Oddly enough, I soon realized that I was fascinated not only by her unique character that previously existed out of my imagination, but also by the unexpected impact that her ways had on me. Though mildly annoying through the process, her approach had added an unforeseen joy by the time I finished the book. For the first time, I felt a certain mastery toward a book, an optimism that perhaps nobody could know more about “Jane Eyre” than the author herself and those in my class. Looking back, I now smile at those memories in the classroom. I laugh at how I could never really be mad at missing a question because of how hilariously ridiculous the question was. I guess my fascination started as early on as then, as an initial annoyance at Ms. Mary for asking such random questions would almost always immediately die down, and a new wave of ironical, inexplicable warmth––now recognizable as subconscious appreciation––would pass by.
At Andover, I met someone from my physics class whom I will refer to as Joe. Even though we were only in the same physics class for one term, that time was enough for me to befriend him.
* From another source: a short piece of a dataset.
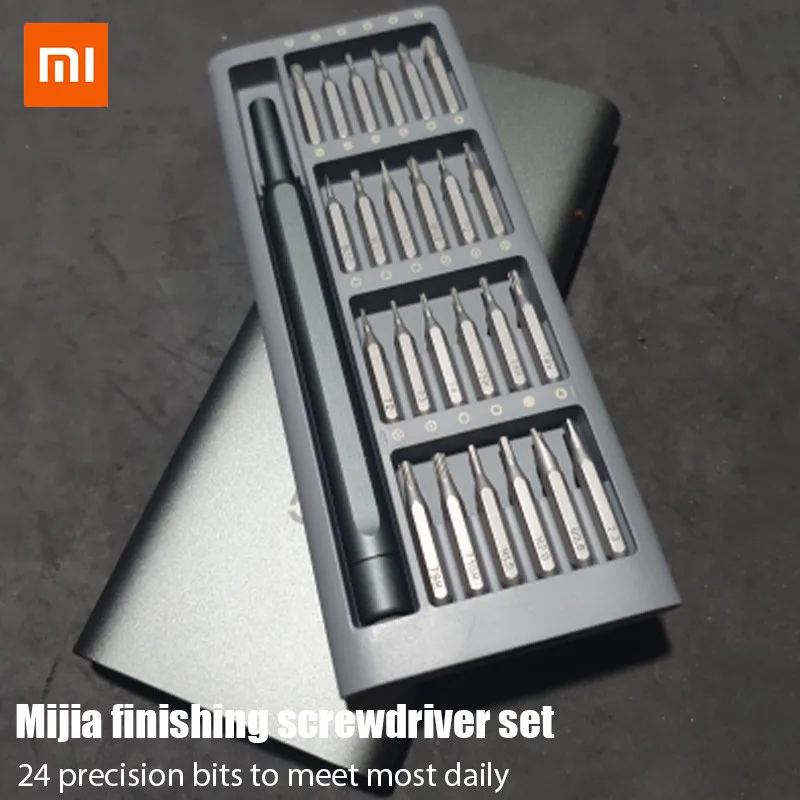 Original Xiaomi Screwdriver Set 24 In 1 Daily Use Precision Magnetic Bits Alluminum Box DIY Screw Driver Set for Smart Home
Original Xiaomi Screwdriver Set 24 In 1 Daily Use Precision Magnetic Bits Alluminum Box DIY Screw Driver Set for Smart Home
I sat behind Joe and could always see what he was doing, if I so desired. I will never forget the day I peeked in front of me and saw, on the table, one of Southwest Airlines’s most distinguishable creations: their bright yellow, red, and blue-striped peanut lunchbox. Inside the lunchbox were not packets of peanuts but instead, stationery. Frankly, to see a peanut box as a pencil case from an airline––and not, in comparison, a brand like Pilot––lying on the table on a random Monday took me by surprise.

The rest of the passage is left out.